The best sounding option is Respeecher AI with English and Ukrainian models. The voice quality is impressive, but the 400–500ms latency is too much for production.
Cartesia has 1-2 Ukrainian voices, but they don't sound right. So our favorite remains ElevenLabs eleven_flash_v2_5 — fast (under 200ms), reliable, many voices.
Total Latency — and Why It's a Problem
If you add up the total latency from when the user stops speaking to when the agent starts responding, it comes to over a second. Add SIP latency on top, and conversations with such an agent become unpleasant — users notice immediately.

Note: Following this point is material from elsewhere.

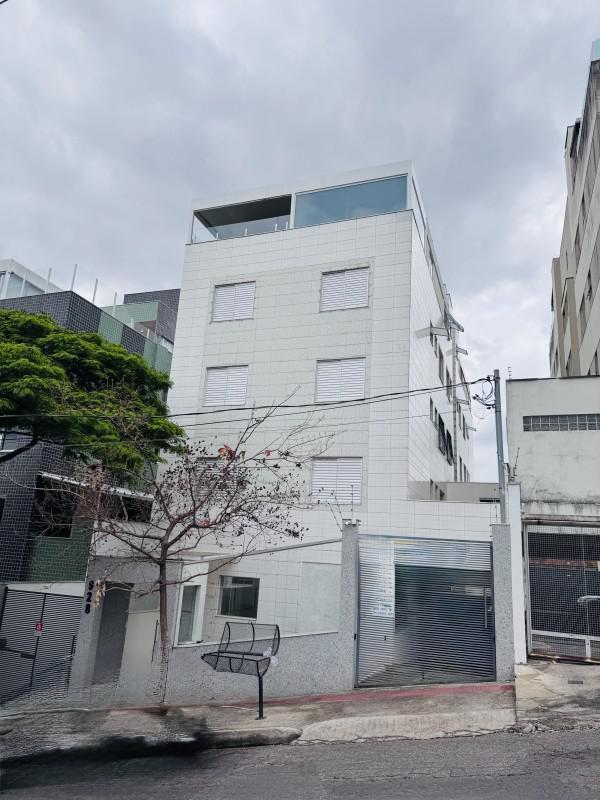 Apartamento, Fernão Dias, 3 Quartos, 2 Vagas, 1 Suíte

Practical Approaches to Reducing Latency
The biggest win comes from reducing the number of LLM calls per turn. We replaced a two-stage pipeline (classify LLM → respond LLM) with smart_respond — a single LLM call that simultaneously classifies the message and generates a response. This saved ~300ms per message.
Keyword pre-filter — regex patterns that work in 0ms, intercepting greetings, goodbyes, and profanity without wasting time on LLM at all.
Connection pooling (httpx persistent connections to Groq API) eliminates TCP/TLS handshake on each request — ~20–50ms savings.
Turn detector (EOUModel) adds semantic understanding of phrase endings on top of VAD — instead of reacting to any 200ms pause, the model evaluates whether the person actually finished their thought.
Streaming Overlap: STT → LLM → TTS
The key idea is don't wait for the previous stage to complete — start the next one as soon as the first data appears. In the ideal pipeline, all three models work simultaneously.
STT → LLM
Streaming STT produces interim results before the person finishes speaking. A more aggressive approach is speculative inference: run the LLM on interim text, and if the final matches — the response is already ready.
LLM → TTS
The most critical junction. The LLM generates a response token by token. Instead of waiting for the complete response, TTS starts synthesizing speech as soon as the first sentence accumulates.
The key metric is TTFB (Time To First Byte) of audio: time from end of user speech to first sound of response.
Phrase Caching
Pre-cached wav files are delivered to the user with zero latency. This significantly improves the conversation, especially at the beginning of the dialogue, when the question is whether the person will hang up or keep listening.